%%
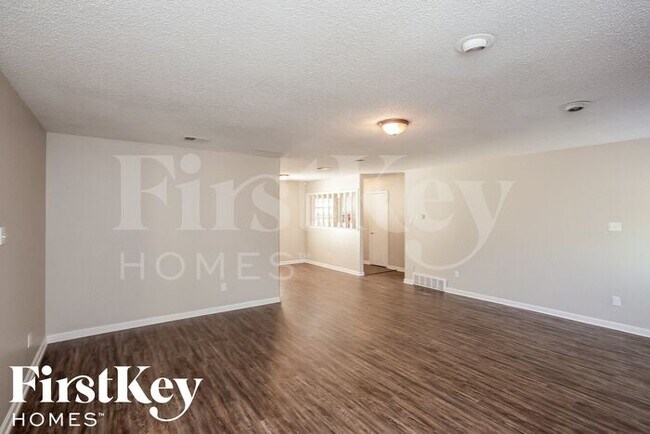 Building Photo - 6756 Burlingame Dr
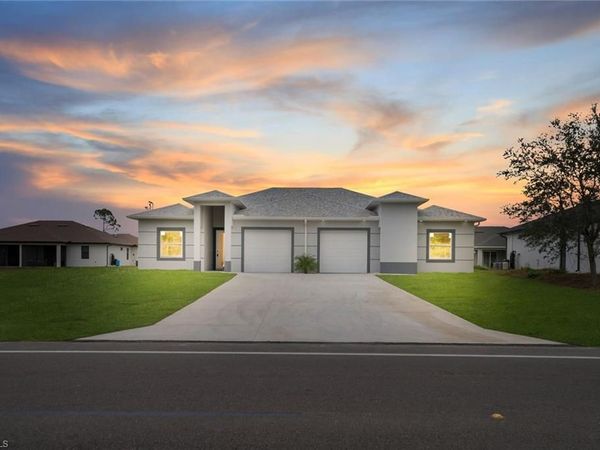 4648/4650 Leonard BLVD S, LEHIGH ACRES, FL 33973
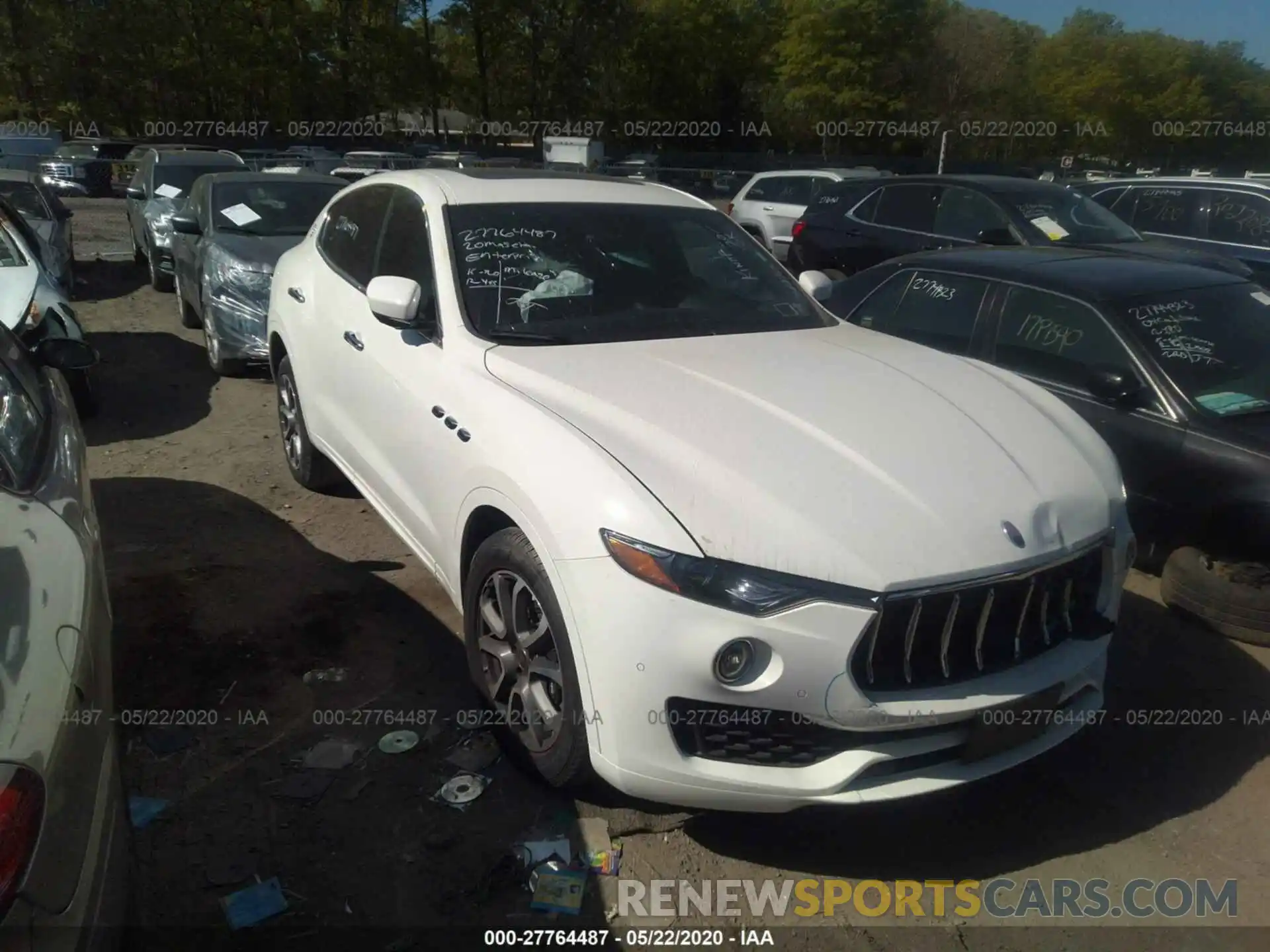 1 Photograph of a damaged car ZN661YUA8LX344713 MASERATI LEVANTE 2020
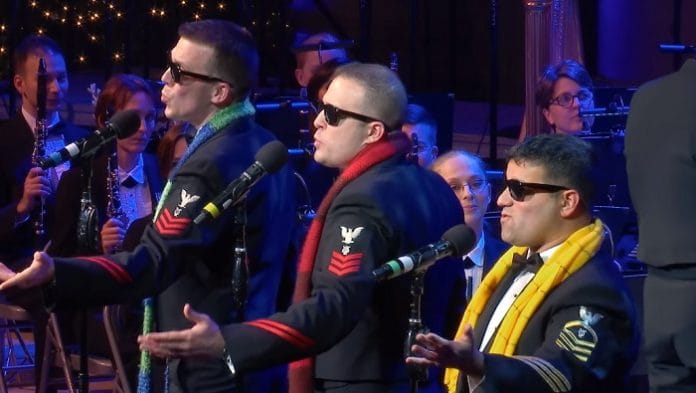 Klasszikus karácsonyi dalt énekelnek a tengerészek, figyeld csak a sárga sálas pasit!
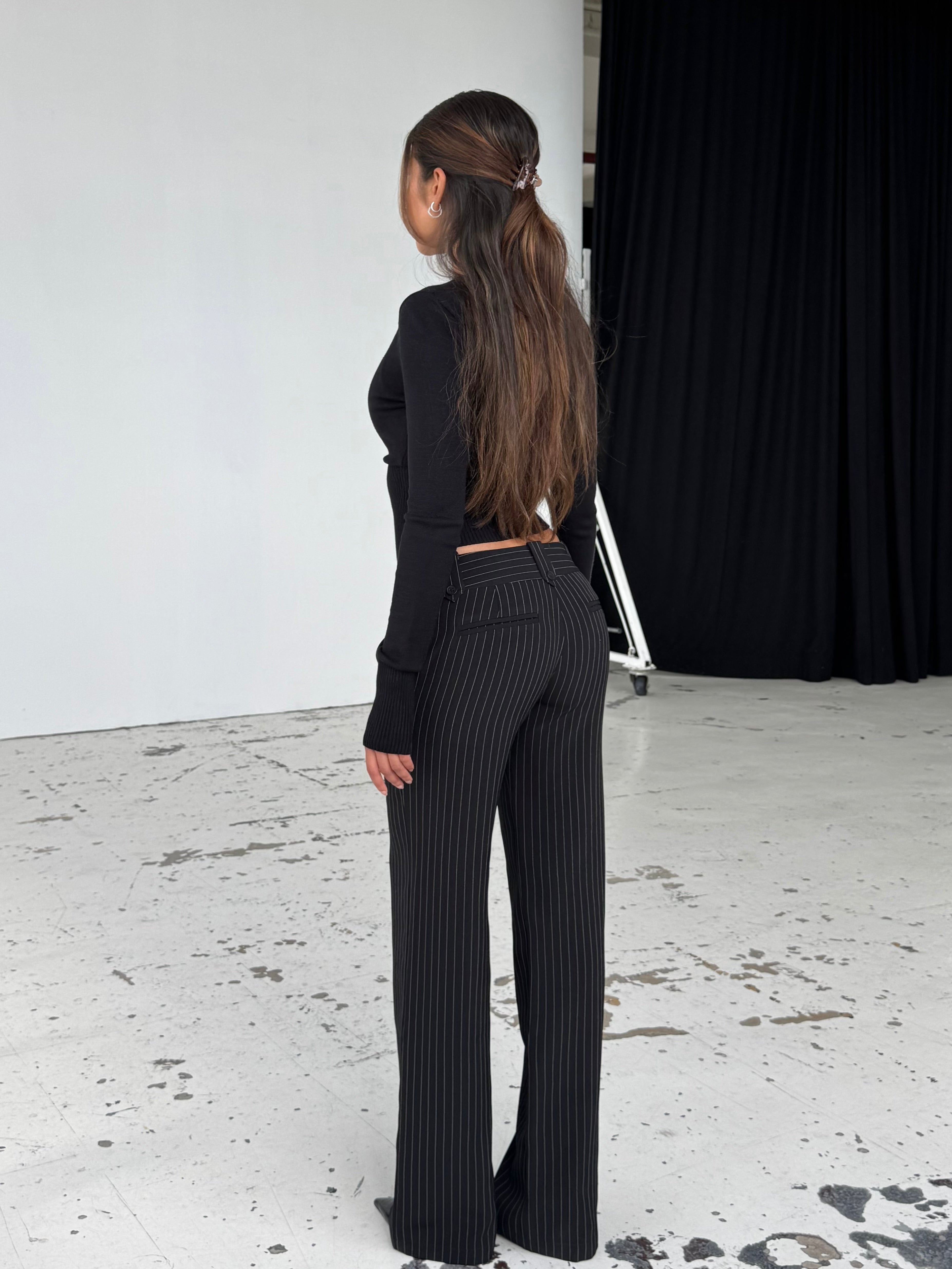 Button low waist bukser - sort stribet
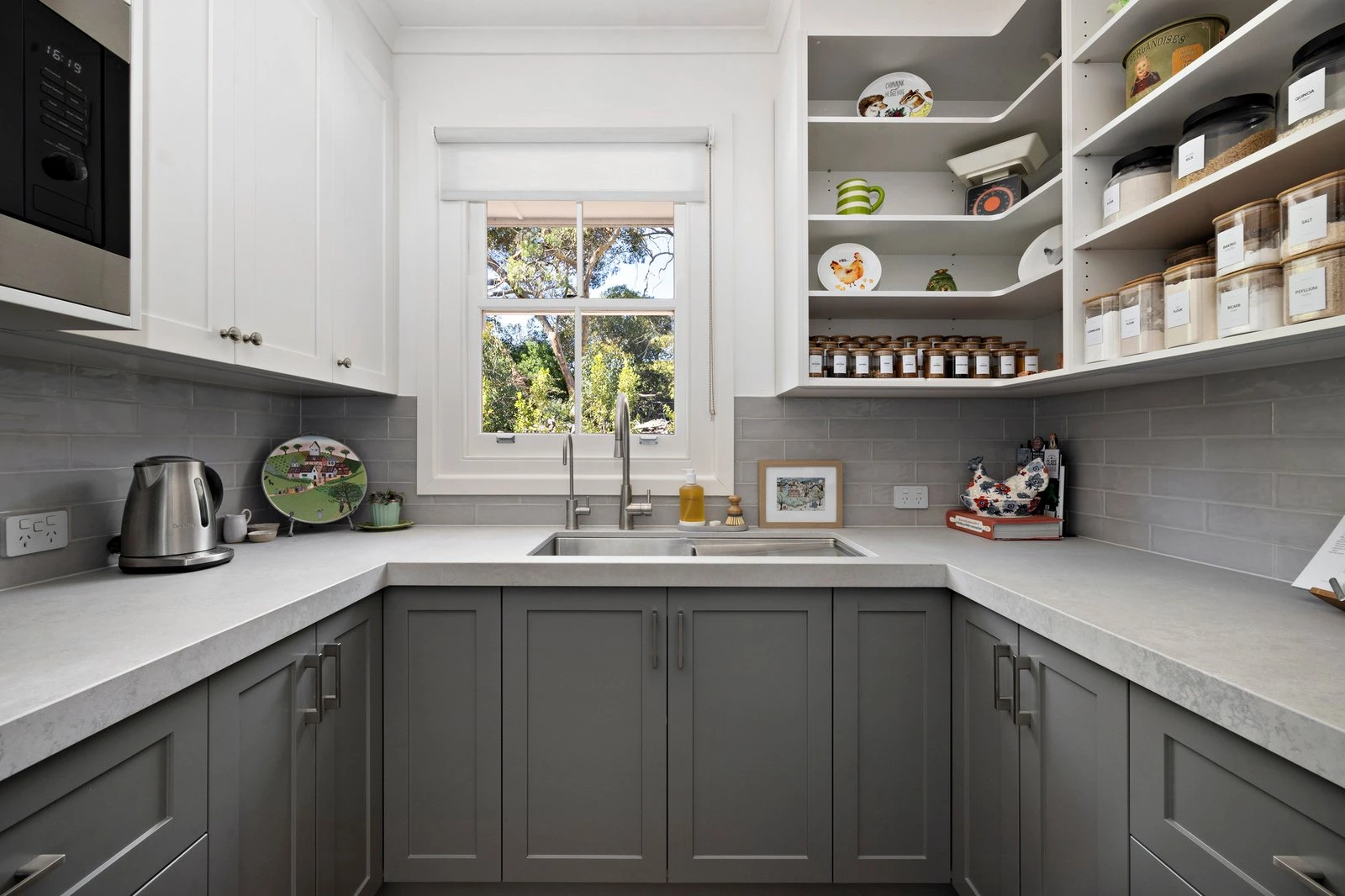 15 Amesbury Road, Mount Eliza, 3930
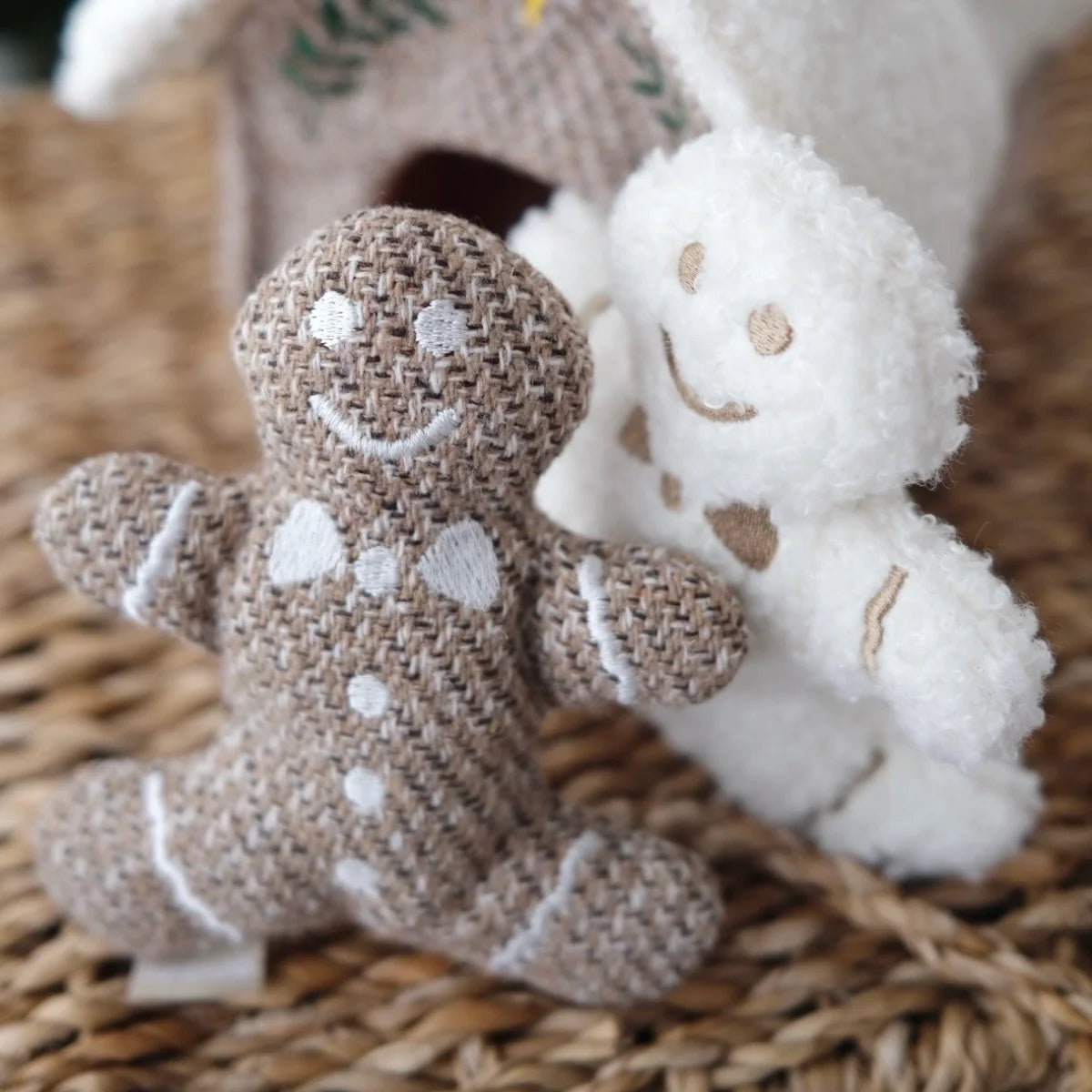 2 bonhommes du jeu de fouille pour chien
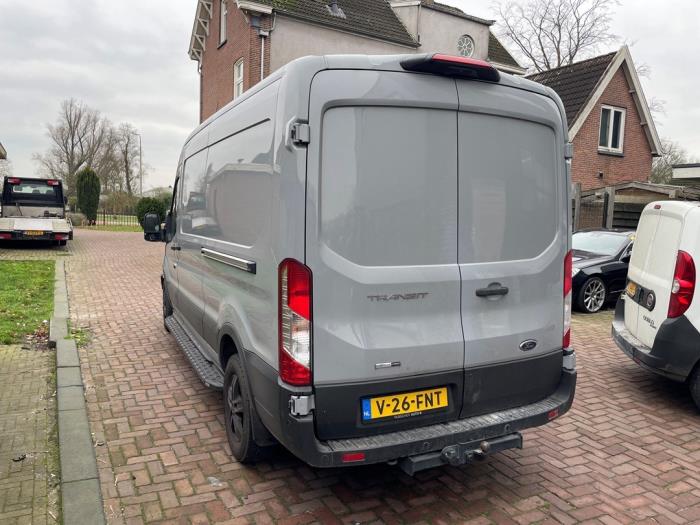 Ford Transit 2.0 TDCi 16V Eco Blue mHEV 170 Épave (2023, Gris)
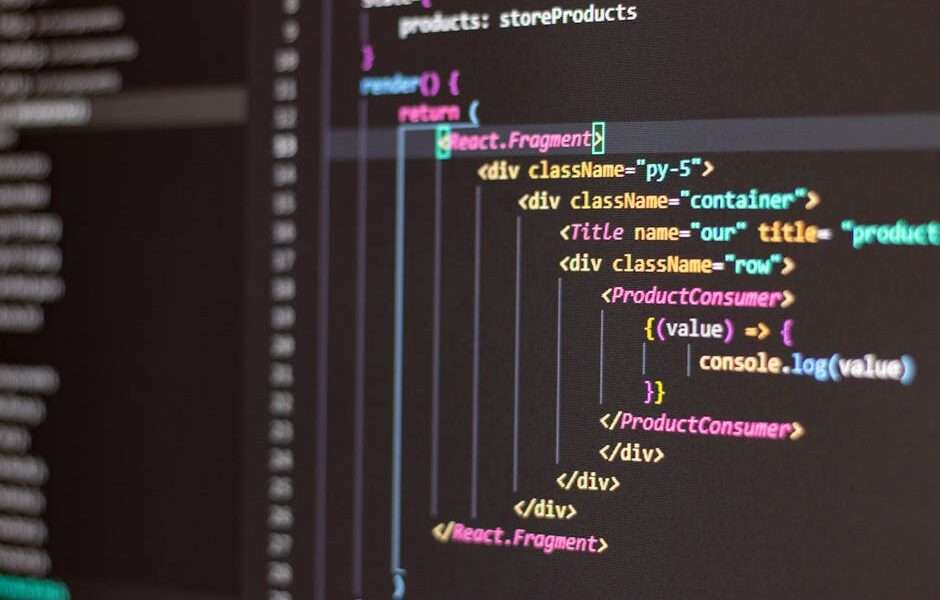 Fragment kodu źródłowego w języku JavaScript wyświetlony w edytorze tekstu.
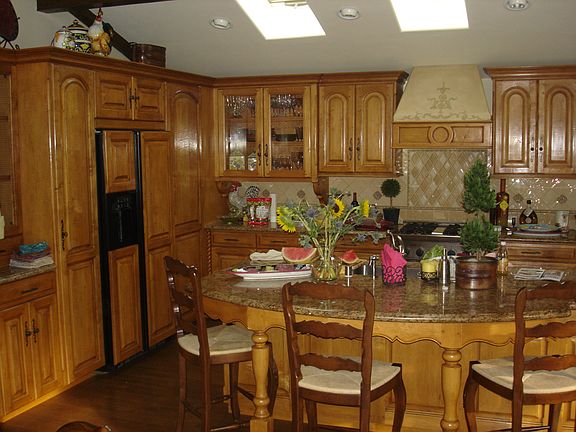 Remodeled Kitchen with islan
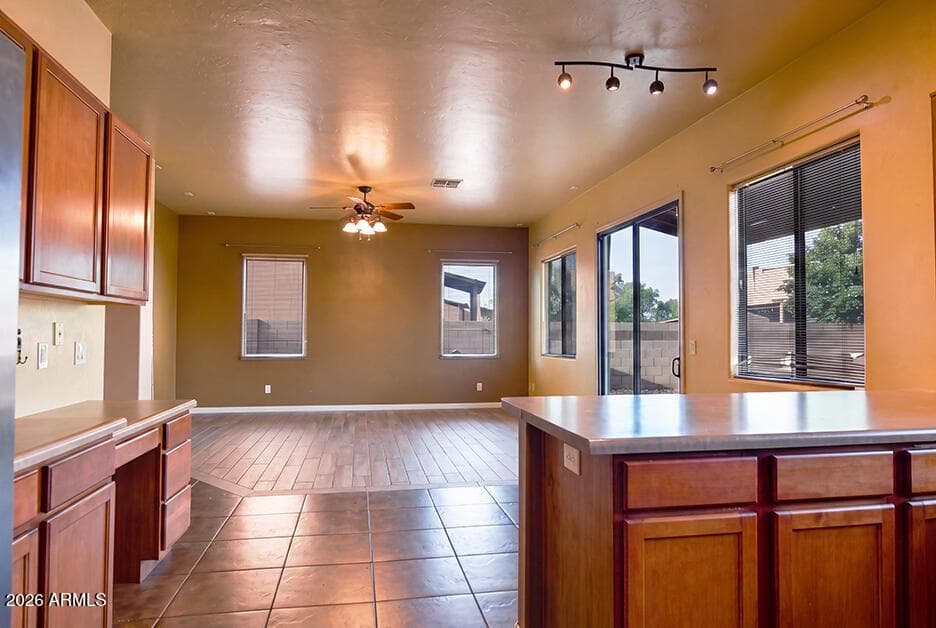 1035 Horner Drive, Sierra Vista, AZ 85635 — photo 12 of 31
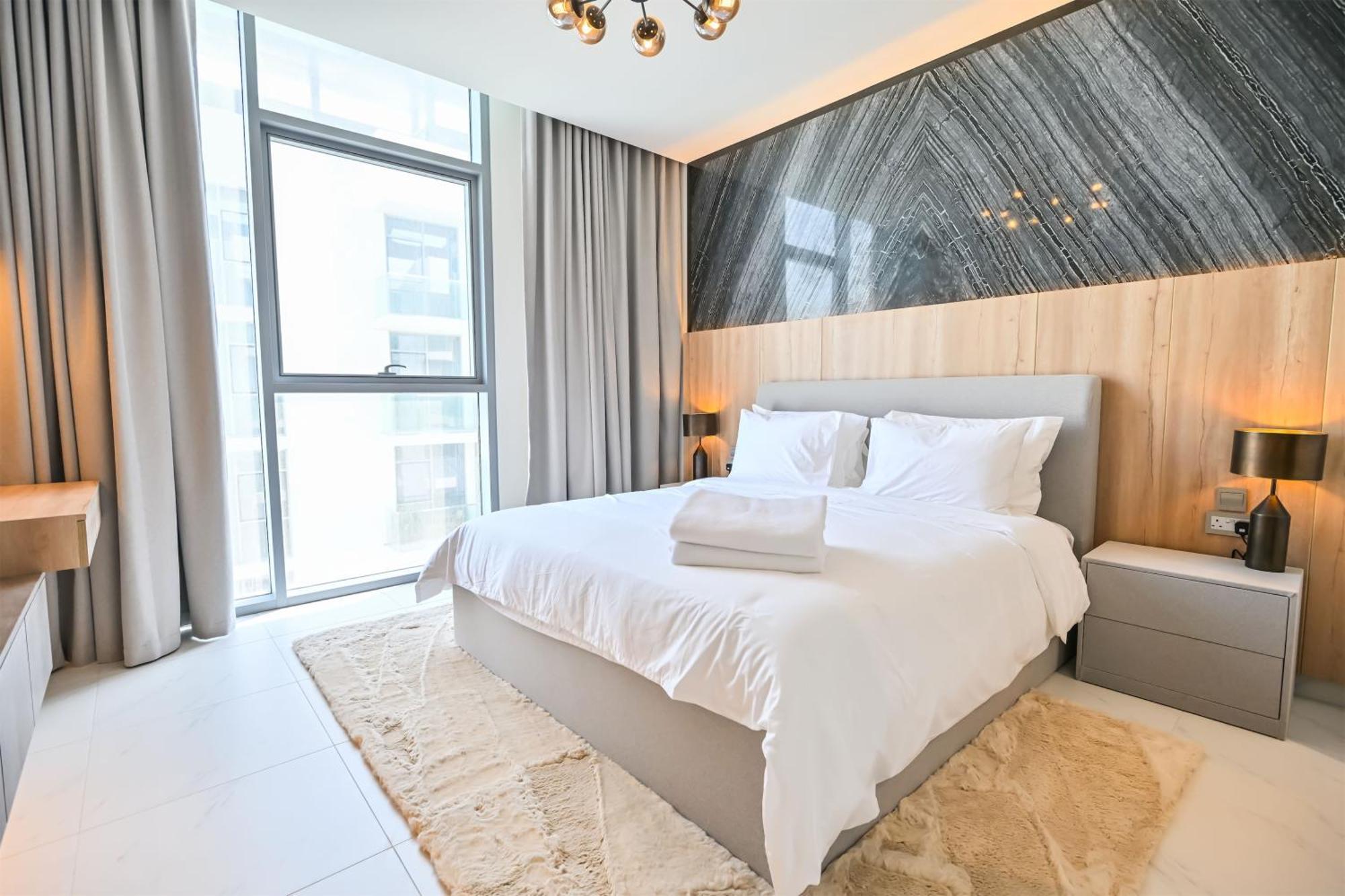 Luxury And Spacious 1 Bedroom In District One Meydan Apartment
%%
» TASK DETAILS
Return an exact transcription of the entries above, excluding each image.

» WRITTEN SOLUTION
 Building Photo - 6756 Burlingame Dr
 4648/4650 Leonard BLVD S, LEHIGH ACRES, FL 33973
 1 Photograph of a damaged car ZN661YUA8LX344713 MASERATI LEVANTE 2020
 Klasszikus karácsonyi dalt énekelnek a tengerészek, figyeld csak a sárga sálas pasit!
 Button low waist bukser - sort stribet
 15 Amesbury Road, Mount Eliza, 3930
 2 bonhommes du jeu de fouille pour chien
 Ford Transit 2.0 TDCi 16V Eco Blue mHEV 170 Épave (2023, Gris)
 Fragment kodu źródłowego w języku JavaScript wyświetlony w edytorze tekstu.
 Remodeled Kitchen with islan
 1035 Horner Drive, Sierra Vista, AZ 85635 — photo 12 of 31
 Luxury And Spacious 1 Bedroom In District One Meydan Apartment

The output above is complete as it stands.